US Senate candidate John Kingston will officially begin his campaign Wednesday, calling US Senator Elizabeth Warren, a Democrat, the “divider-in-chief” while promising “a different kind of Republican campaign.”
Kingston, a wealthy business executive who last year tried to block Donald Trump from becoming president by trying to clear the way for an independent candidate, called Warren “just way off that mainstream, focused on running for president, focused on being the head of the liberal left wing of the party, and I just think it’s time to send a message.”
“The state of the country is in such a serious crisis of unity and, you know, rather than looking for common cause for folks in Massachusetts . . . folks like Elizabeth Warren are driving wedges between Americans, essentially for political gain,” Kingston said in a phone interview Tuesday.
Kingston will headline what he said would be “perhaps the most diverse audience in a political kickoff in history” at the Edward M. Kennedy Institute for the US Senate in Dorchester.
“We’re going there to the home turf of the Democrats to say, ‘You know what, nobody owns the Senate,’ ” Kingston said.
A June WBUR/MassINC poll found Warren in a solid position for reelection, with 55 percent of voters statewide viewing her favorably.

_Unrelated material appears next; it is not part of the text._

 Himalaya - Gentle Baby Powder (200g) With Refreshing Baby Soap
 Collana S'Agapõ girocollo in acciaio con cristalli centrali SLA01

At least four Republicans are jockeying to challenge Warren next fall. Entrepreneur Shiva Ayyadurai, state representative Geoff Diehl, and longtime GOP operative Beth Lindstrom have all said they are running.
Kingston knocked his primary rivals Tuesday, saying, “Some of my opponents are either unelectable . . . or completely uninspiring.” Kingston has loaned his campaign $3 million, and called his “the only campaign account that is actually real. Everybody else’s is negligible or non-existent.”

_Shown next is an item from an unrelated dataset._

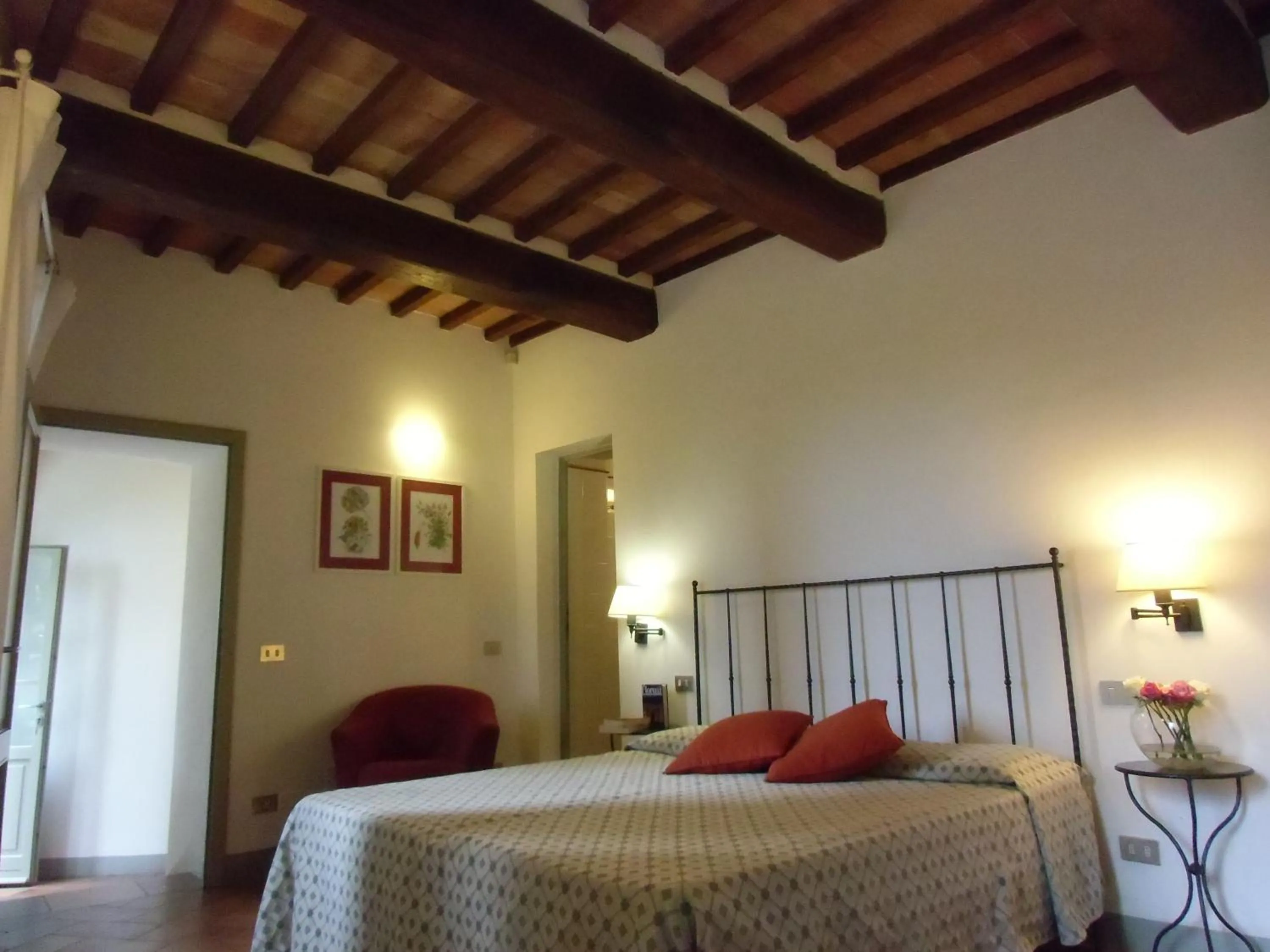 Bedroom, Bed in Villa Ducci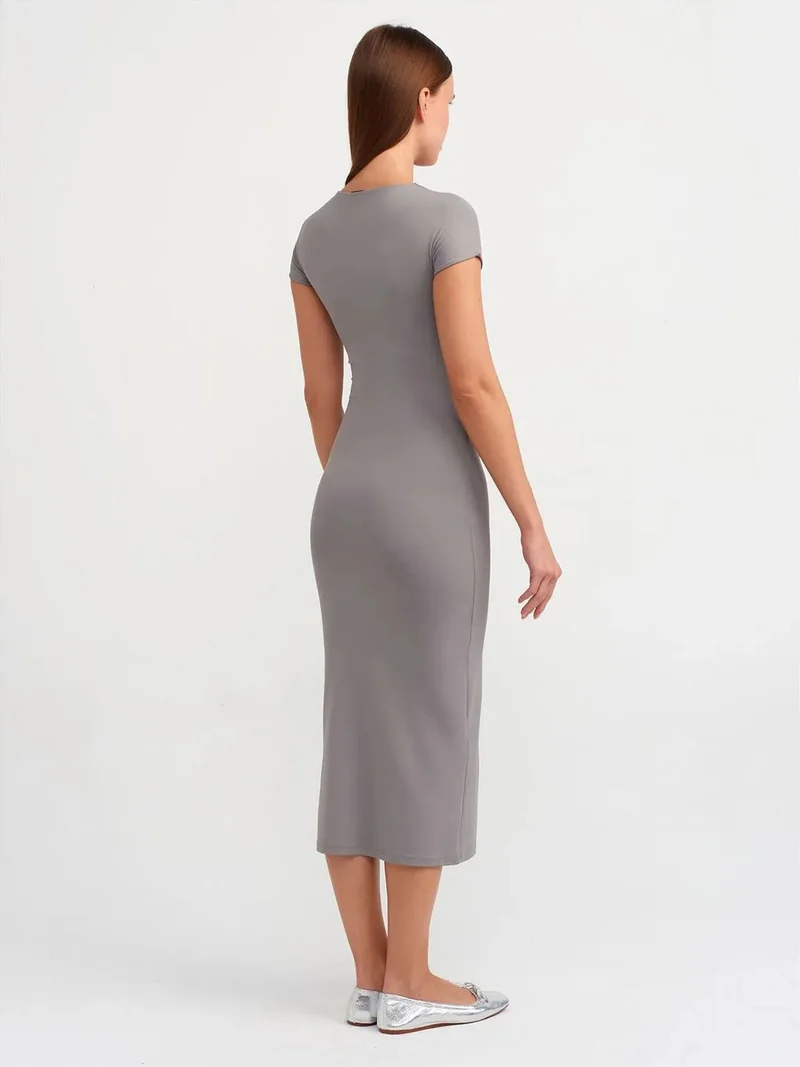 Dilvin DILVIN Women’s Bodycon Midi Dress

Vowing “we’re going to end up winning the resources war,” Kingston waved off small donations, which can be laborious to gather but help exhibit broad support. “We’re not even doing low-dollar stuff,” Kingston said.

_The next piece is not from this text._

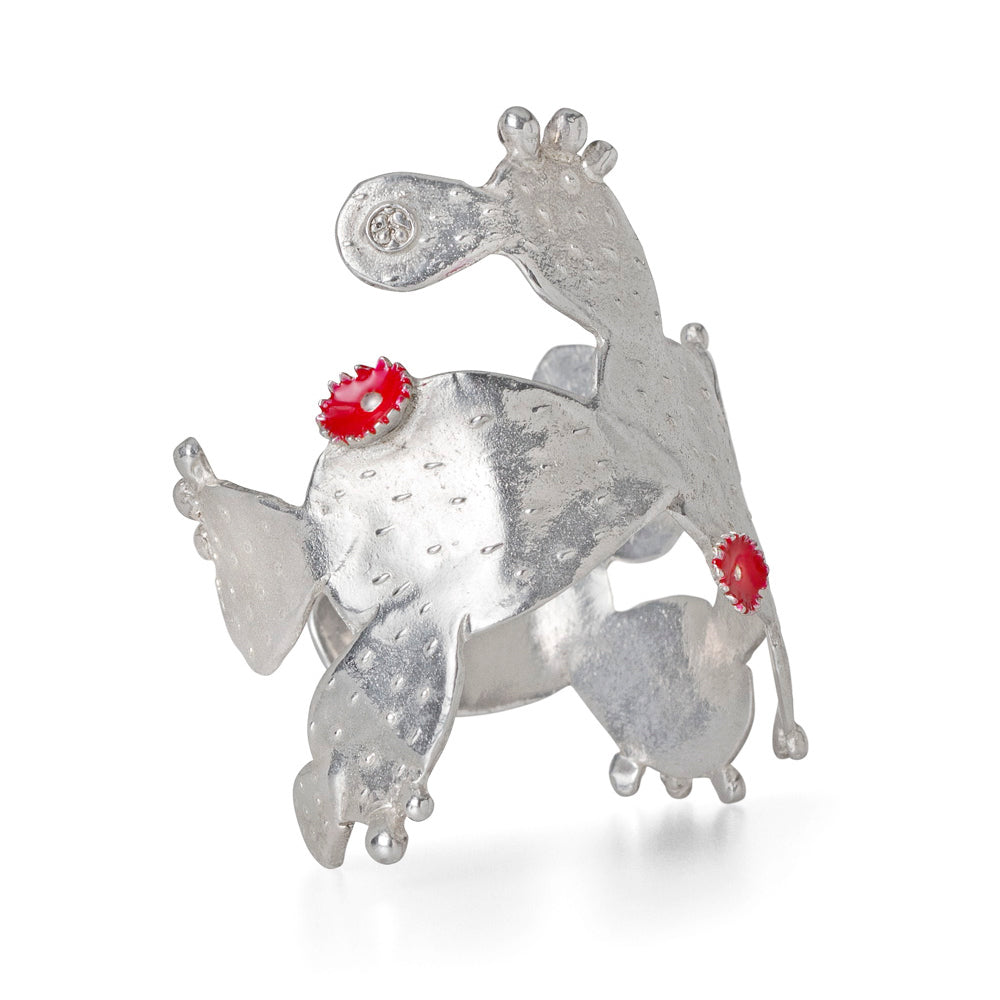 Cuff Cactus With Enamel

Kingston last year attempted to start a movement that would have offered an independent presidential candidate a path to oppose Trump if he won the nomination. The effort fizzled.
On Tuesday, Kingston saved his sharpest criticism for Warren, calling the first-term Democrat “one of the top five angriest people by anybody’s measure” and saying he did not want the race to be about Trump.
Kingston, who has been a major GOP fund-raiser and an ally of Governor Charlie Baker and former governor Mitt Romney, dismissed the notion that he is a moderate, saying, “I just don’t think it’s fair to my history.”
“I’m in that independent-minded, successful Massachusetts Republican vein,” Kingston said.